PARA ACABAR[1]

(abrindo os Sonhos, ou a contagem das horas...)

 

Trago dentro do meu coração,

Como num cofre que se não pode fechar de cheio,

Todos os lugares onde estive,

Todos os portos a que cheguei,

Todas as paisagens que vi através de janelas ou vigias,

Ou de tombadilhos, sonhando,

E tudo isso, que é tanto, é pouco para o que eu quero.

(Álvaro de Campos, PASSAGEM DAS HORAS)

 

Sinto que tenho de continuar, embora faça dos Sintomas anteriores uma espécie de primeira parte que, se calhar, depois de tudo bem revisto, publico à parte.

Não posso parar de escrever.

Estamos em Abril, do ano 2018, fiz em Fevereiro 78 anos, o Binau fará em Junho 86 anos, e por aqui continuamos os dois, nas nossas vidas, de rotinas tranquilas, apenas interrompidas pela chegada de filhos ou netos, e um ou outro acontecimento, teatro, música, exposição de amigos.

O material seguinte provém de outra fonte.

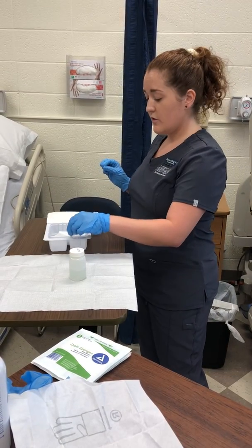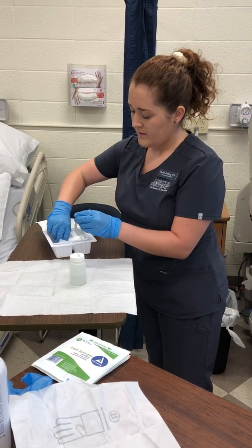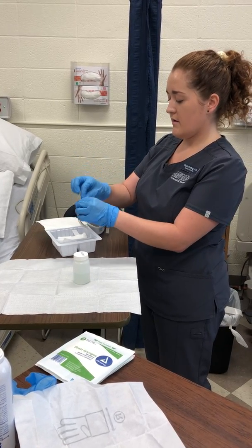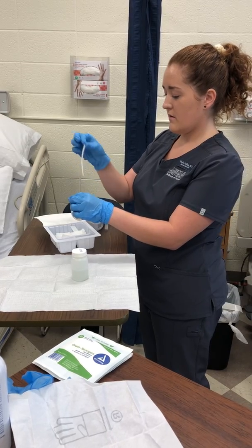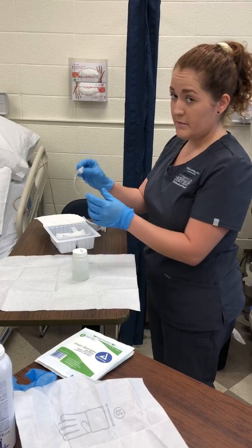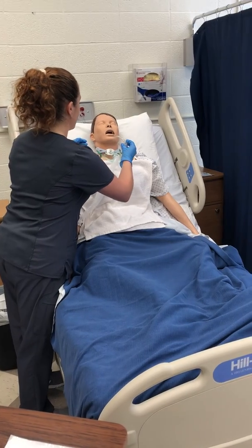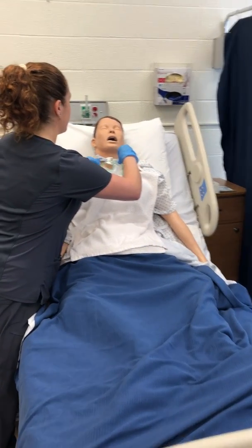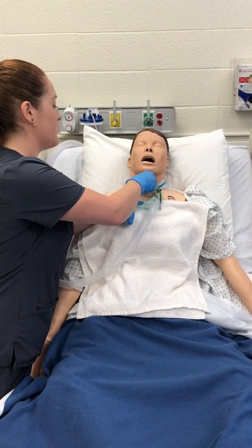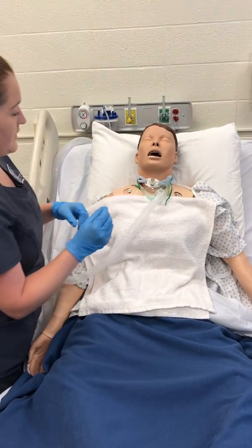I'm going to rinse the inner cannula in the normal saline solution. Then I'm going to use a pipe cleaner — also found in the kit — to dry it, and discard that. Using my dominant hand, I'm going to reinsert the cannula, trying to maintain sterility as much as possible. You push it in until you hear a click. Now that is done.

Estar vivo é um privilégio, e eu no que fui escrevendo, entre 2013 e o início de 2018, apontei muitas mortes, muita dor à roda dessas mortes.

Aqui vou limitar-me a apontar sonhos, como fez Jung no seu Livro Vermelho, que estou a ler. Ou reflexões sobre algum tema em especial.

Tinha pensado na música das esferas de Platão a Shakespeare, o Timeu e as várias peças do dramaturgo inglês.
Mas tive um sonho que não consegui (também não tentei muito) abrir. “Num meu andar que está à venda, diz-me a senhora responsável que só uma pessoa tinha oferecido oitenta mil contos: 80.000. Não vendo assim, acho que o andar vale mais “.

Fixo um número, o 8.

E a intensificação do peso desse número: oitenta mil. A estes dias em que não me ocupei do sonho, outras ideias me ocorreram: a Sombra, ou as Sombras.

Não o que a Sombra esconde, mas o que a Sombra revela.

Pois sei, da alquimia, que da treva nasce a luz, mas para isso tem de haver um processo de transformação.

Vemos, na Flauta Mágica, de Mozart, que são as Damas da Noite que matam o dragão ameaçador ( a materia prima a sublimar) e que é a Rainha da Noite, no seu esplendôr lunar que pedirá ao Príncipe Tamino que procure a Princesa sua filha Pamina e a resgate das mãos do seu opositor solar que é o Rei Sarastro.

Ficando por aqui, é de uma primeira treva cósmica que nasce uma energia feita de amor (o Príncipe apaixona-se pela Princesa mal vê a sua imagem na medalha que lhe mostram) - e a sublimação que esse amor dos dois jovens induzirá no Templo (no Reino) que o Rei Sarastro domina.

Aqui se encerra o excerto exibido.